The experiments on that list showed the following correlations between
personal and family names :
From the 330 000 names in the list through alphabetisation and sorting
were compiled the following sublists:

A. List of family names – 27 500. They are not included in the GATE-
   BG system lists for matching and serve only as data support for the
   elaboration of the rule-based identification of the Bulgarian family
   names. The substitution “list ---> rules” was possible due to the
   following specificity of Bulgarian name formation:

The family name in Slavonic languages has morphological structure,
directly mirroring the semantics of its formation as follows:
    Personal name + possessive word derivation suffix + gender flexion
So, the family name Иван-ов has the reading - the son of Иван, and
Иван-ов-а resp. The daughter (or wife) of Иван. See the rule below.

   Rule: LastNameOv
   // Иванов
   // Иванова

   (
    {Token.orth == upperInitial }
   ):person
   -->
   {
     gate.AnnotationSet                      person                  =
   (gate.AnnotationSet)bindings.get("person");
     gate.Annotation                     personAnn                   =
   (gate.Annotation)person.iterator().next();
     String word = (String) personAnn.getFeatures().get("string");
     gate.FeatureMap features = Factory.newFeatureMap();
     if (word.endsWith("ова") ||
         word.endsWith("ева") ) {
       features.put("gender", "femalе");
       features.put("rule", "LastNameOv");
       annotations.add(person.firstNode(),           person.lastNode(),
   "LastName", features);
     }//if
     else if ( word.endsWith("ов")||
            word.endsWith("ев") ) {
       features.put("gender", "malе");
       features.put("rule", "LastNameOv");
      annotations.add(person.firstNode(),             person.lastNode(),
    "LastName", features);
         }//if
}

This distinct structure of the Bulgarian family name allowed us after the
alphabetization, sorting and manual filtering of the family names in the
telephone book to state that: 91% of the family names can be directly
calculated through their morphological components. In this calculation
both the family name and its gender are recognised.

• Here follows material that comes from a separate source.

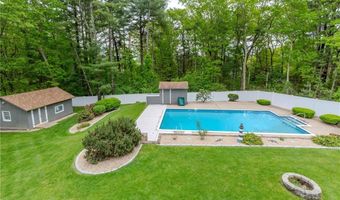 3 Blue Spruce Dr, Coventry, RI 02816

The morphological tools for the formation of Bulgarian family names are
6 suffixes. The most frequent is ОВ/а – 46,4%, followed by ЕВ/а –
24,4%. The others are: СКИ/а, ИН/а, ШКИ/а, ЧКИ/а. Only 9% of the
family names don’t use these flexions but their investigation shows a
specific formation for other Slavonic languages as well as Armenian. A
deeper investigation on a bigger records base would demonstrate some
geographical dependency of the names - i.e. the south Bulgarian sites
will contain in their telephone books much more Turkish names. It is to
mention here that the Turkish names have also a very strict
morphological shape.
In case when morphological rules can identify the family names, the list
for matching names can be reduced only to the foreign names.

B. List of first names. They are less than the family ones but are not
   calculable by morphological rules for the following reasons:
♦ Their morphological structure is not so distinct as the first name is
   the primary element in the name formation
♦ There is an ambiguity between the personal names and the common
   words (like Eng. Sunny)

The investigation of the telephone book shows that its 330 000 records
contain 6500 unique first names - 3800 female and 2700 male. Within
these two subsets 250 female and 230 male ambiguous names were
filtered.
In other words: the troubles with the personal names’ identification are
related to their formal incalculability and the ambiguity with other
linguistic units – the common names.

This fuzzy structure of the personal name imposed the use of list for
pattern matching. Its volume is however 4,3 times smaller than the
concatenated family names. Another advantage of this list is its relative
“closeness” in comparison with the family names. The language is more
productive in the formation of the family names than of the personal
ones.
It is to note also that the ambiguity of personal/common name is
manifested only in their single use. If a family name follows, it becomes
the instrument of the full disambiguation of the personal name.

Another specific feature of the Bulgarian name system is the official
name configuration of three names – personal, father’s name and family
(the last two morphologically calculable). Although used mainly in
official documents, that configuration has to be included in the rules for
proper name identification. Moreover it doesn’t hamper but facilitates the
identification – the first unit is matched and other two – calculated.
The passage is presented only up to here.